[Start of section]

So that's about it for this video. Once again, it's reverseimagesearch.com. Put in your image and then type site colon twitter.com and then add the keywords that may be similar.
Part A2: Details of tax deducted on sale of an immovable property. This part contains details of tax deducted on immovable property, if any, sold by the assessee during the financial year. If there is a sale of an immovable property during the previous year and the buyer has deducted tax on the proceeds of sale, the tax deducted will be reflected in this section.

[End of section]
[Start of section]

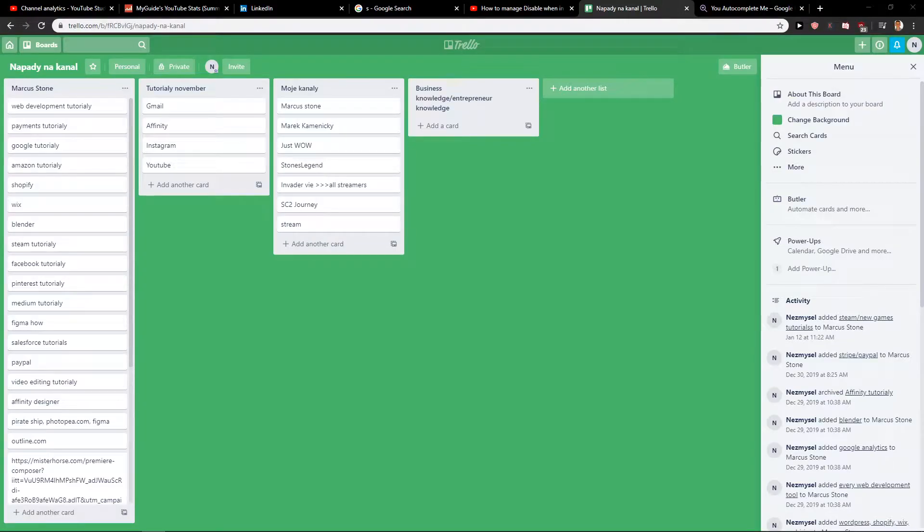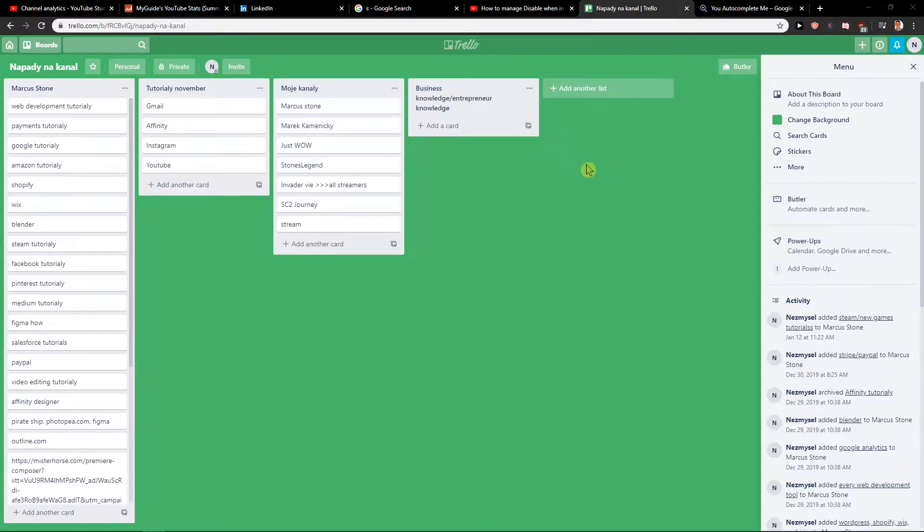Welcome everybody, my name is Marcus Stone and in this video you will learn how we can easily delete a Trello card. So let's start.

[End of section]
[Start of section]

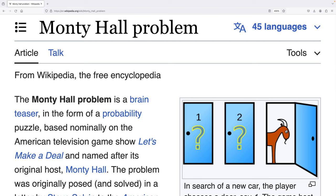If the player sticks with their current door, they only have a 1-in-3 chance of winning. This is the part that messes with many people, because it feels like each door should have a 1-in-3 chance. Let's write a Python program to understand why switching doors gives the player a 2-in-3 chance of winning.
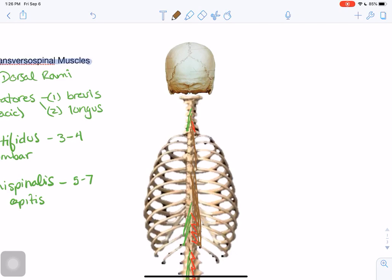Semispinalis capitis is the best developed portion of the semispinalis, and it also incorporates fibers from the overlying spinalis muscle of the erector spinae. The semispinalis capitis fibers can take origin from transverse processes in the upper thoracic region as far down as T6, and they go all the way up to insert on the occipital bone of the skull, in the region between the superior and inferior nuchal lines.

[End of section]

→ **Assignment**:
From the records above, copy only the lines starting with the line that holds "So that's about" and going on through the line that holds "Part A2: Details", exactly as written.

→ **Result below**:
So that's about it for this video. Once again, it's reverseimagesearch.com. Put in your image and then type site colon twitter.com and then add the keywords that may be similar.
Part A2: Details of tax deducted on sale of an immovable property. This part contains details of tax deducted on immovable property, if any, sold by the assessee during the financial year. If there is a sale of an immovable property during the previous year and the buyer has deducted tax on the proceeds of sale, the tax deducted will be reflected in this section.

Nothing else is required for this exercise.